### What is being asked
Please reproduce the following records exactly, with nothing omitted.

Web page caption snippets:
====

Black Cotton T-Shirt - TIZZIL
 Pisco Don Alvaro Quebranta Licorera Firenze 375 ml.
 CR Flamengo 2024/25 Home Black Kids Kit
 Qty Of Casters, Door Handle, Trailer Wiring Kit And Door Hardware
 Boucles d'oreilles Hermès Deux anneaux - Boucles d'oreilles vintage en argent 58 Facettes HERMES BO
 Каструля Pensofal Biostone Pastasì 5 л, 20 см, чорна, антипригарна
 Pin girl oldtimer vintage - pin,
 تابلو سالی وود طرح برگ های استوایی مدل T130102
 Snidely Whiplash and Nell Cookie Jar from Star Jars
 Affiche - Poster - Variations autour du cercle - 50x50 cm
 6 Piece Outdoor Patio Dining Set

====

### Output of the exercise
Black Cotton T-Shirt - TIZZIL
 Pisco Don Alvaro Quebranta Licorera Firenze 375 ml.
 CR Flamengo 2024/25 Home Black Kids Kit
 Qty Of Casters, Door Handle, Trailer Wiring Kit And Door Hardware
 Boucles d'oreilles Hermès Deux anneaux - Boucles d'oreilles vintage en argent 58 Facettes HERMES BO
 Каструля Pensofal Biostone Pastasì 5 л, 20 см, чорна, антипригарна
 Pin girl oldtimer vintage - pin,
 تابلو سالی وود طرح برگ های استوایی مدل T130102
 Snidely Whiplash and Nell Cookie Jar from Star Jars
 Affiche - Poster - Variations autour du cercle - 50x50 cm
 6 Piece Outdoor Patio Dining Set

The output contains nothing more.